Streaming in Mule Apps
Standard Support for Mule 4.1 ended on November 2, 2020, and this version of Mule will reach its End of Life on November 2, 2022, when Extended Support ends.
Deployments of new applications to CloudHub that use this version of Mule are no longer allowed. Only in-place updates to applications are permitted.
MuleSoft recommends that you upgrade to the latest version of Mule 4 that is in Standard Support so that your applications run with the latest fixes and security enhancements.
Mule 4 introduces a new framework to work with streamed data. To understand the changes introduced in Mule 4, it is necessary to understand how traditional data streams are consumed:
Data streams cannot be consumed more than once
In the following example, the flow shows the HTTP Listener source that receives a POST method with a body payload to write to the files. The flow writes the first file correctly, while the second file is created with empty content because each component that consumes a stream expects to receive a new stream. After the first File Write operation consumes the stream, the second File Write operation receives an empty stream. Thereby, the second operation has no content to write to a file.Figure 1. Mule 3 Streaming: Writing a File
In the following example, something similar happens when you try to log the payload after a DataWeave transformation. The HTTP Listener operation receives the payload stream, and then when the stream gets to the Transform Message component, it is available in memory, so the component consumes the stream. After the Transform Message component consumes the content, the second Logger receives an empty stream.Figure 2. Mule 3 Streaming: Logging a Payload
Data streams cannot be consumed at the same time
In the following example, the flow uses a Scatter-Gather router to split a data stream and simultaneously log and write the payload to a file. The application get some parts of the stream in the file and the rest on the log because different processor chains can not process the data stream content simultaneously.Figure 3. Mule 3 Streaming: Consuming Data Streams
Mule 4 provides Repeatable Streams as its default framework for handling streams.
Repeatable Streams enable you to:
Read a stream more than once.
Have concurrent access to the stream.
As a component consumes the stream, Mule saves its content into a temporary buffer.

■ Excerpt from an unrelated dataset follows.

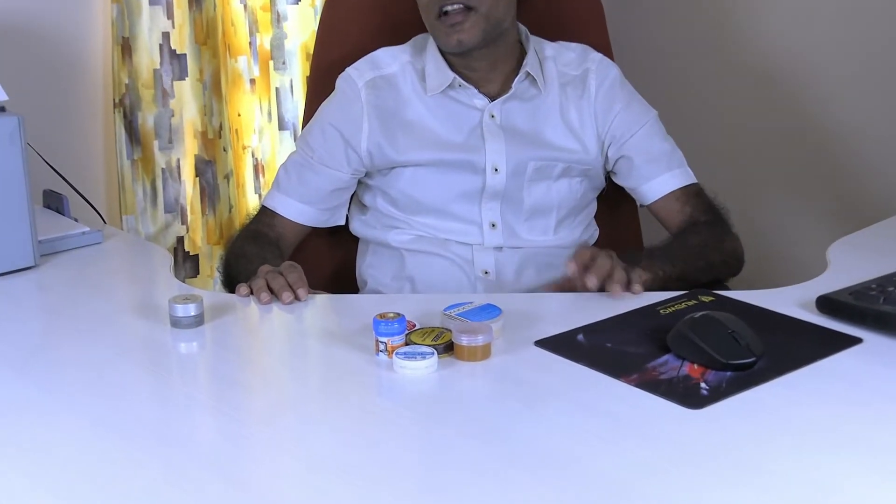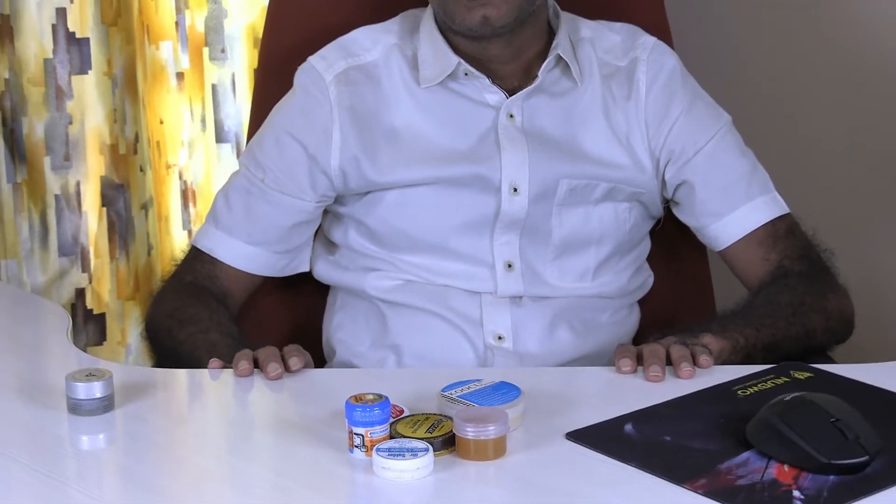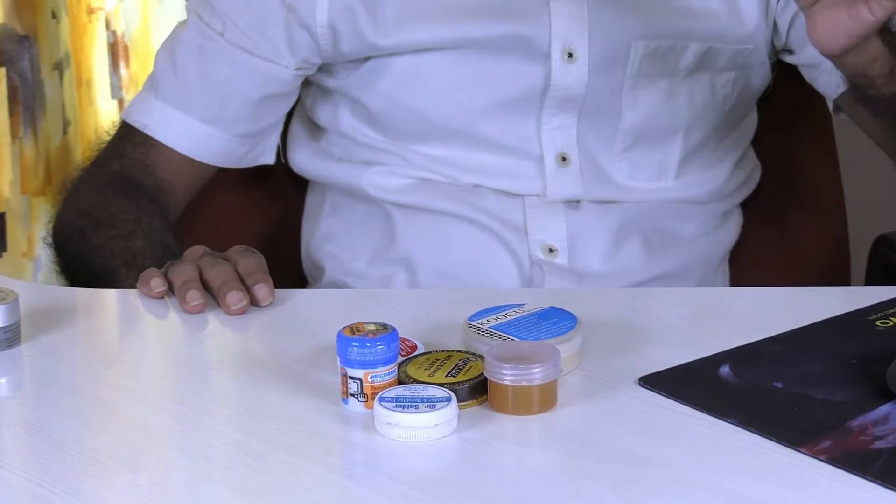Today I'm going to review the flux that is used while soldering components to PCBs, soldering wires to sockets, etc. To execute a good solder, first of all you require a soldering station, and then you require two more ingredients. The first one is called soldering wire or tin, and the second one is called soldering paste or flux. Using a soldering iron, tin is melted and then mixed with flux, and then you use it to solder wires or components to PCBs or whatever.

The runtime then feeds the component from the temporary buffer, ensuring that each component receives the full stream, regardless of how much of the stream was already consumed by any prior component. This happens automatically and requires no special configurations from your end, which saves you the trouble of finding workarounds to save the stream somewhere so you can access it again. This configuration automatically fixes the first two Mule 3 examples outlined above.
All repeatable streams support parallel access. This means that you don’t need to worry about whether two components are trying to read the same stream when each component is running on a different thread. Mule automatically makes sure that when component
A reads the stream it doesn’t generate any side effects in component
B. This enables you to perform tasks like the one described in the third example above.

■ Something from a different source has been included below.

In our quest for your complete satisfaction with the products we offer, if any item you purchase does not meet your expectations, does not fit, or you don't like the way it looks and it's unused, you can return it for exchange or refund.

You can configure how Mule handles the repeatable stream by using streaming strategies.
This is the default streaming strategy in Mule Runtime Enterprise Edition.
This option is only available on Mule Enterprise Edition.
This strategy initially uses an in-memory buffer size of 512 KB. If the stream is larger than that, it creates a temporary file on your disk to store the contents without overflowing your memory.
When you know you need to deal with large or small files, you can change the buffer size to optimize performance. Configuring a bigger buffer size increases performance by avoiding the number of times the runtime needs to write the buffer to your disk, but it also limits the number of concurrent requests your application can process.
The same way, configuring a smaller buffer size saves you memory load.
You can even set the buffer’s unit of measurement, so you don’t have to go through unit conversions.
For example, if you know that you are going to read a file that’s always around 1 MB size, you can configure a 1 MB buffer:
<file:read path="bigFile.json"> <repeatable-file-store-stream inMemorySize="1" bufferUnit="MB"/> </file:read>
Or if you know you are always processing a file no bigger than 10 KB, you can save memory:
<file:read path="smallFile.json"> <repeatable-file-store-stream inMemorySize="10" bufferUnit="KB"/> </file:read>
Based on performance test, the default 512 KB buffer size configuration of this strategy does not significantly impact performance in most scenarios. You need to run tests and find the proper buffer size configuration that fits your needs.
This configuration is the default for Mule Runtime Community Edition.
It uses a default configured buffer size of 512 KB. If the stream is larger than that, the buffer is expanded to a default increment size of 512 KB until it reaches the configured maximum buffer size. If the stream exceeds this limit, the application fails.
You can customize this behavior by setting the initial size of the buffer, the rate at which the buffer increases, the maximum buffer size, and the measurement unit.
For example, these settings configure an in-memory repeatable stream with a 512 KB initial size, which grows at a rate of 256 KB and allows up to 2 MB of content in memory:
<file:read path="exampleFile.json"> <repeatable-in-memory-stream initialBufferSize="512" bufferSizeIncrement="256" maxInMemorySize="2000" bufferUnit="KB"/> </file:read>
Based on performance test, the default 512 KB buffer size, and 512 KB increment size configuration of this strategy does not significantly impact performance in most scenarios.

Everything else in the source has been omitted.